Re: missing alert.log mystery (it's not what you think)

  • From: Charles Schultz <sacrophyte@xxxxxxxxx>
  • To: Robert Freeman <robertgfreeman@xxxxxxxxx>
  • Date: Sun, 15 May 2011 20:48:04 -0500

Thanks for clarifying that, Robert. :) I didn't want to have to spell that
out, again.

So to be totally honest, no, I did not check to make sure all the processes
had actually "gone away". In my experience, it is extremely rare and
infrequent to find lingering processes after a shutdown - although the
possibility is real, so perhaps I should have checked. However, when I
searched *all* the file descriptors under /proc, I felt like I had covered
all my bases. *grin*

But again, even if root had, for whatever reason, managed to open the
alert.log and keep it open - even then, would not changing the diag_dest
parameter get around that? Especially if I create a new directory and change
the parameter to that directory?
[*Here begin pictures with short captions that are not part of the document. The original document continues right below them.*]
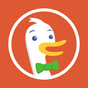 DuckDuckGo Private Browser 图标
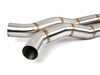 Active Autowerke Active Autowerke G87 Gen 2 Equal Length Midpipe w/ X-pipe (Non-Resonated) - BMW G87 M2 11-117 View 3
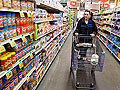 Cub Foods shopper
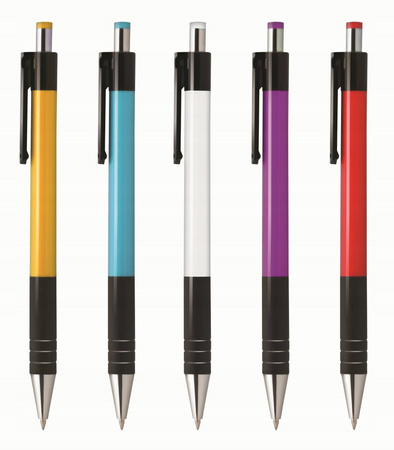 Długopis Tetis KD940 wkład olejowy 0,7 mm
Perhaps my understanding of Solaris is a
tad shallow, but I cannot image that an inode would be reused for a
completely new directory structure.

I don't mind the wags. Perhaps one of these wags will be just enough to help
me solve the riddle. I mean, this is so bizarre that Occam's razor is
starting to itch at me and I am wondering what I missed.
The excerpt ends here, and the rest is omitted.